• _Stored data_:
————
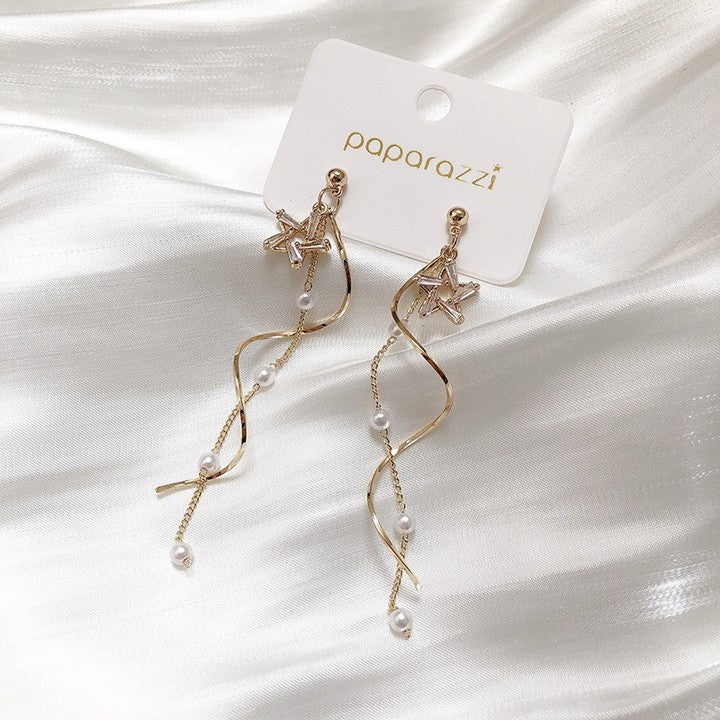 ラウンドインライン&パール ピアス ¥1,000 #ブレスレット #バングル #チェーンブレス #チェーンブレスレット #accessories #jewerly #イヤリング #ピアス #アクセサリー #ファッション #アクセサリー #ジュエリー #アクセ #プチプラ #かわいい #オシャレ #オシャレさんと繋がりたい #おしゃれ #おしゃれさんと繋がりたい #japan #韓国系ファッション #韓国系コーデ #チェーンアクセサリー #今日のコーデ #コーディネート #プチプラ #プチプラコーデ
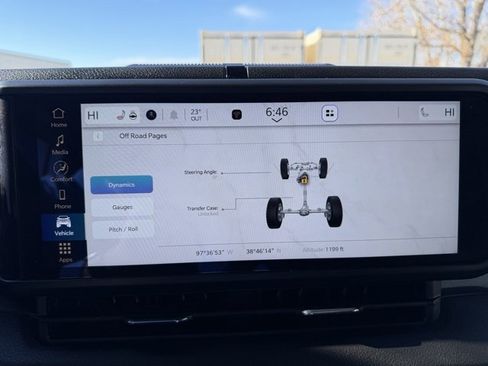 Used 2024 Jeep Gladiator Sport image 32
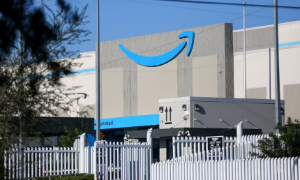 Một kho hàng của Amazon. Công ty đang sa thải thêm 16.000 nhân viên. Nguồn: Julio Cesar Aguilar/AFP/Getty.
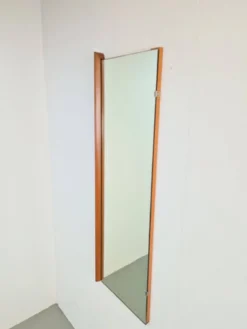 Miroir rectangulaire en teck scandinave des années 1960.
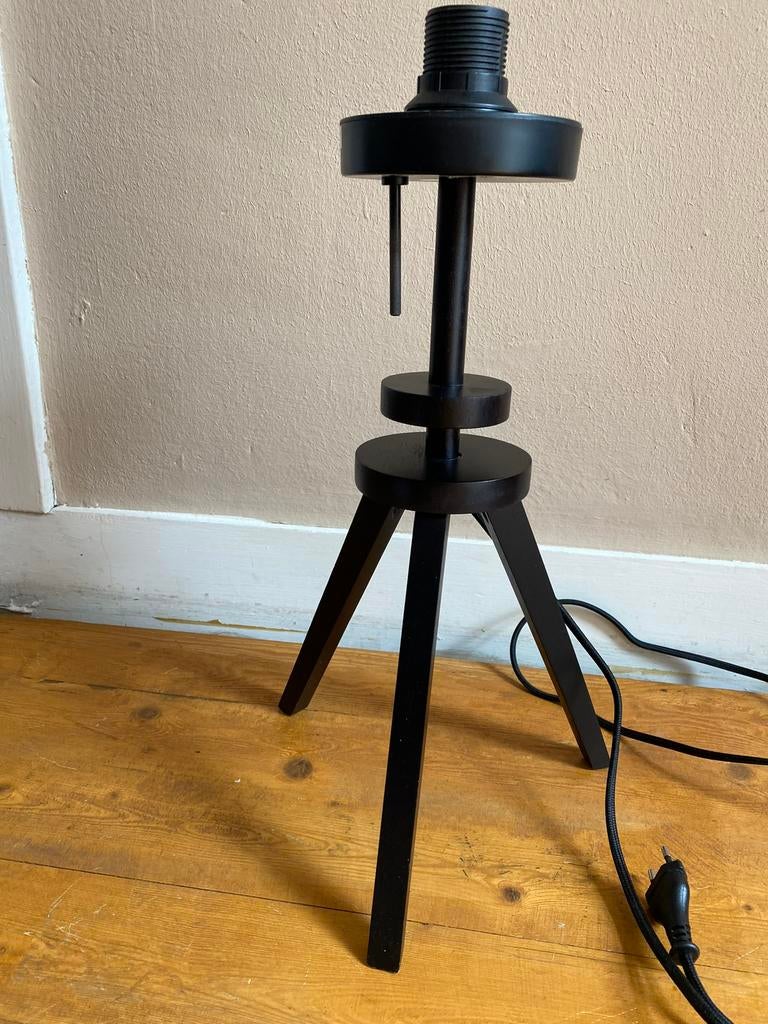 Lampvoet zwart driepoot, Ophalen of Verzenden, Zo goed als nieuw, Hout, Minder dan 50 cm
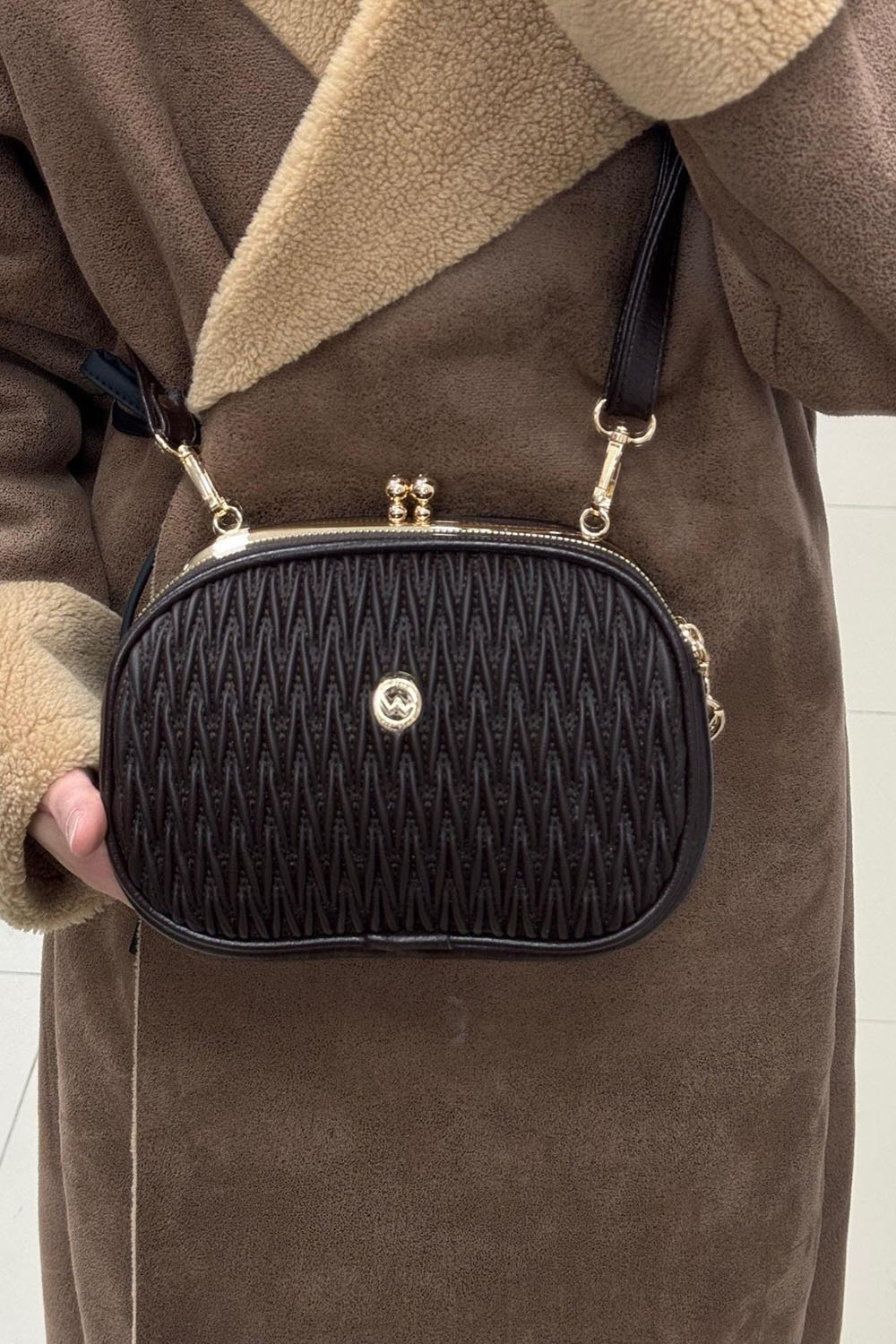 Lamelif Noreza Büzgülü Mıknatıs Bölmeli Çok Gözlü Çapraz Çanta Acı Kahve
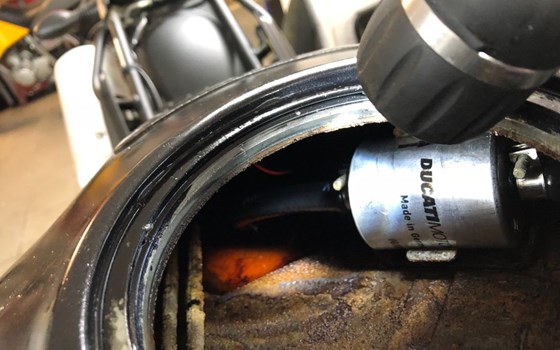 Hier haben wir eine Ducati Monster S4R aus 2004 mit nur 2179 Km wieder aufbereitet. Die Monsterserie war eine der schönsten von Ducati  - Bild 10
————
• _What you have to do_:
Retype word for word the span of lines above that begins with the line containing "Lampvoet zwart driepoot, Ophalen" and ends with the last line of the records; skip all pictures.

• _Response below_:
 Lampvoet zwart driepoot, Ophalen of Verzenden, Zo goed als nieuw, Hout, Minder dan 50 cm
 Lamelif Noreza Büzgülü Mıknatıs Bölmeli Çok Gözlü Çapraz Çanta Acı Kahve
 Hier haben wir eine Ducati Monster S4R aus 2004 mit nur 2179 Km wieder aufbereitet. Die Monsterserie war eine der schönsten von Ducati  - Bild 10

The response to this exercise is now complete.